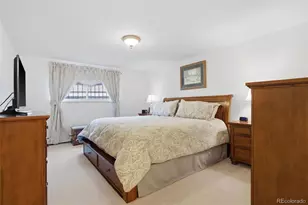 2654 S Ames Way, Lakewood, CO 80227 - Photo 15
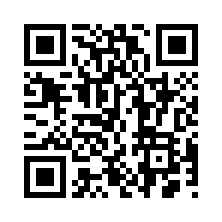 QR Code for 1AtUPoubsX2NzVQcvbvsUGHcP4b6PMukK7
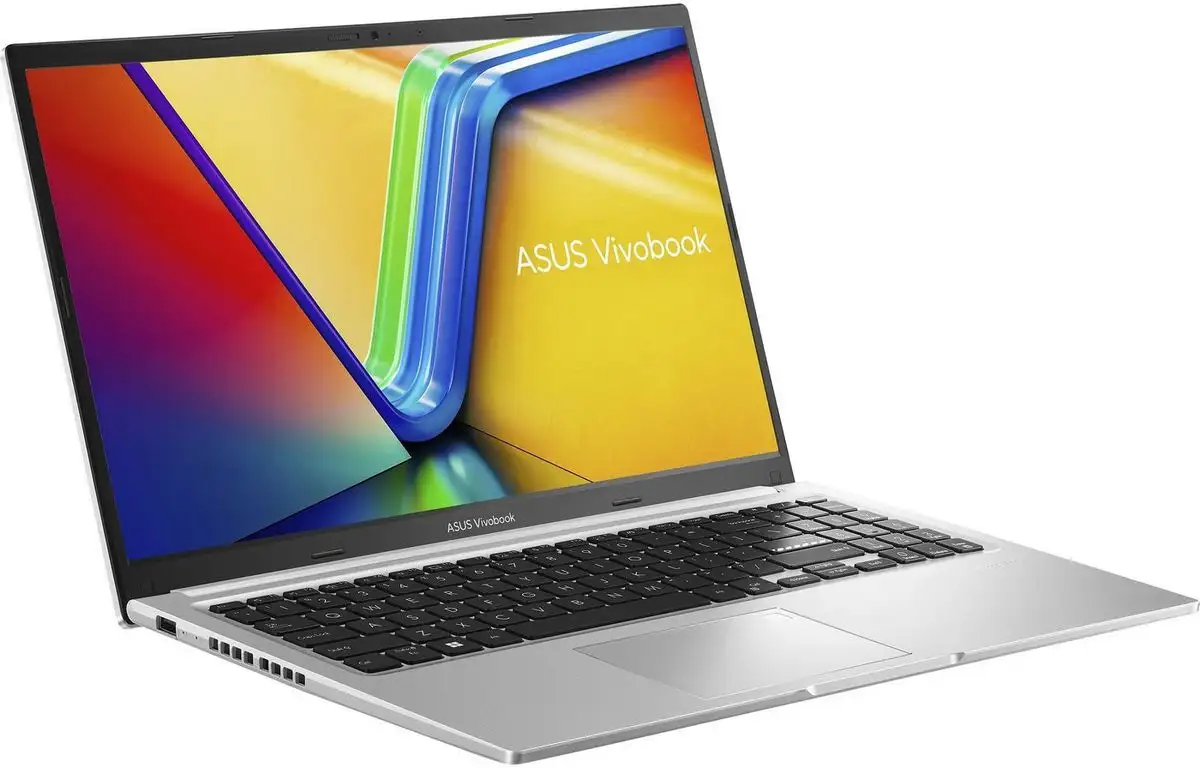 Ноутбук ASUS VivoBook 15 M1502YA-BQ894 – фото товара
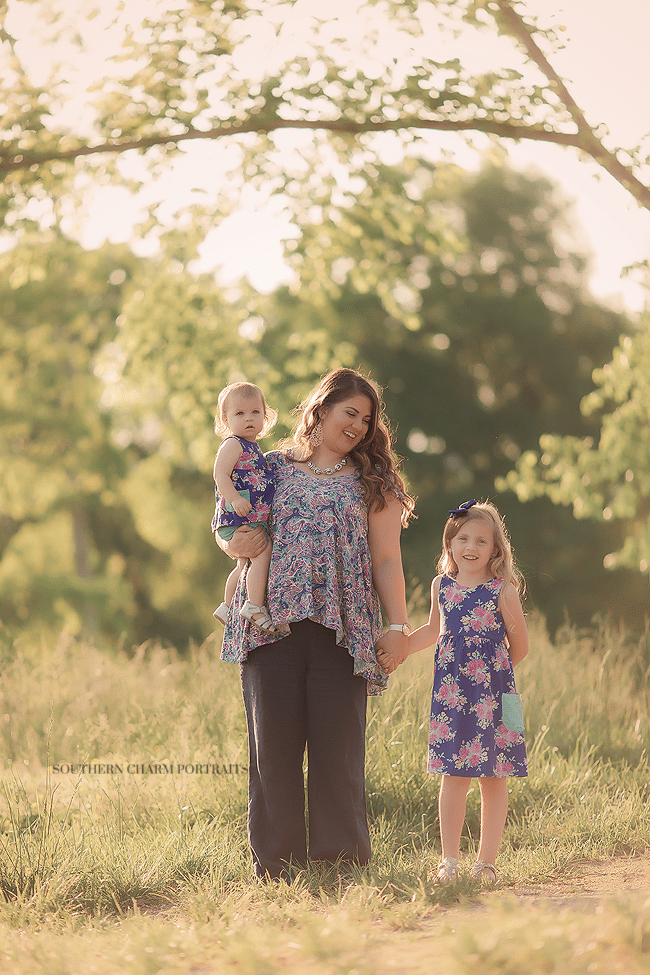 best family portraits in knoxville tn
------------------------
**EXERCISE:** Take the lines from the one containing "QR Code for" through the last line of the listing and repeat them exactly. Omit the pictures.

**TASK OUTPUT:**
 QR Code for 1AtUPoubsX2NzVQcvbvsUGHcP4b6PMukK7
 Ноутбук ASUS VivoBook 15 M1502YA-BQ894 – фото товара
 best family portraits in knoxville tn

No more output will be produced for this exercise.